= Beginning of Section =

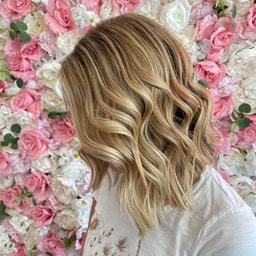 Hair Blush Salon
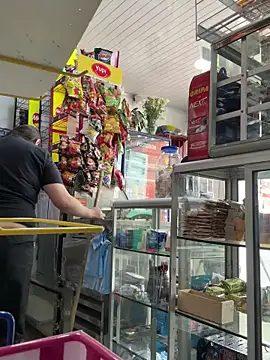 Snapshot of chanelketty chatting on 12/21/25, 03:08 chanelketty online show from 12/21/25, 03:08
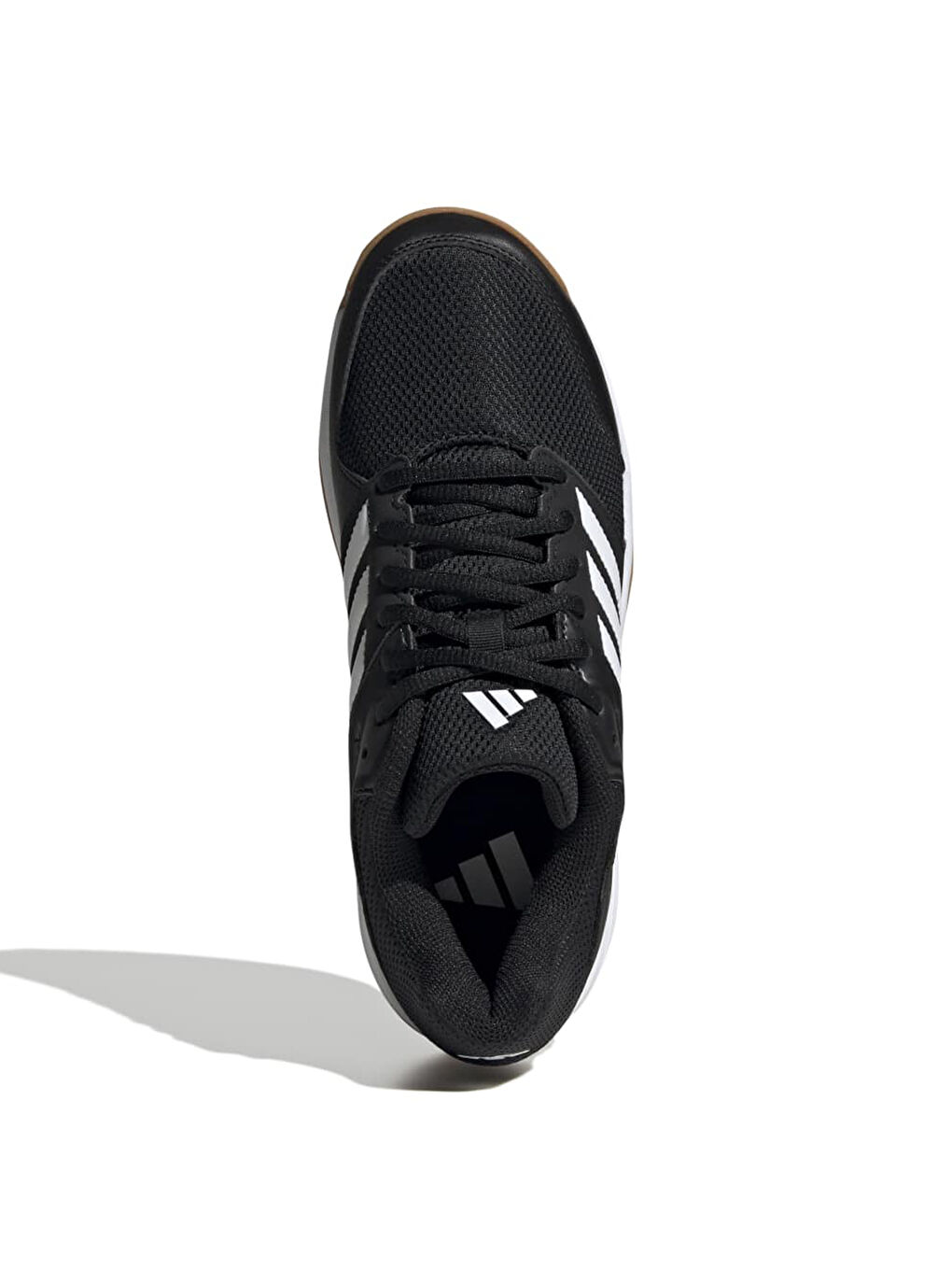 Speedcourt Kadın Siyah Spor Ayakkabı-2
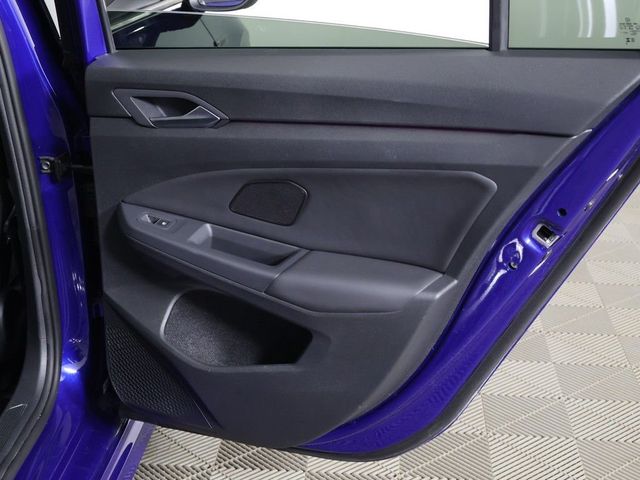 2024 Volkswagen Golf R 2.0T Manual - 23034274 - 28
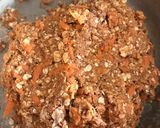 Foto del paso 3 de la receta Galletas de zanahoria saludables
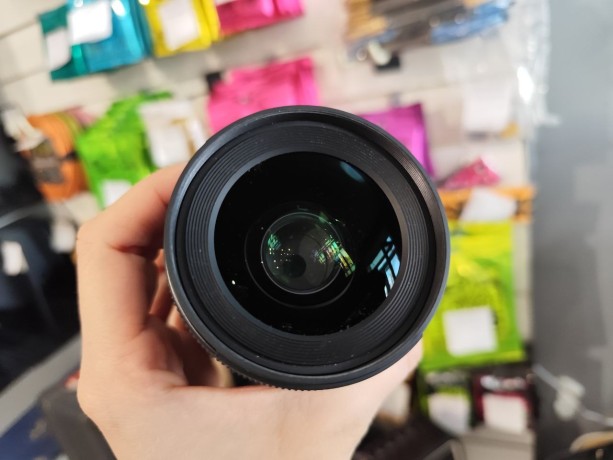 Sigma 17-40Mm 1:1.8 Dc Art Sony E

= End of Section =

● **REQUIREMENT**: Output each record above exactly as written. Skip any pictures.

● **SOLVED EXERCISE**:
 Hair Blush Salon
 Snapshot of chanelketty chatting on 12/21/25, 03:08 chanelketty online show from 12/21/25, 03:08
 Speedcourt Kadın Siyah Spor Ayakkabı-2
 2024 Volkswagen Golf R 2.0T Manual - 23034274 - 28
 Foto del paso 3 de la receta Galletas de zanahoria saludables
 Sigma 17-40Mm 1:1.8 Dc Art Sony E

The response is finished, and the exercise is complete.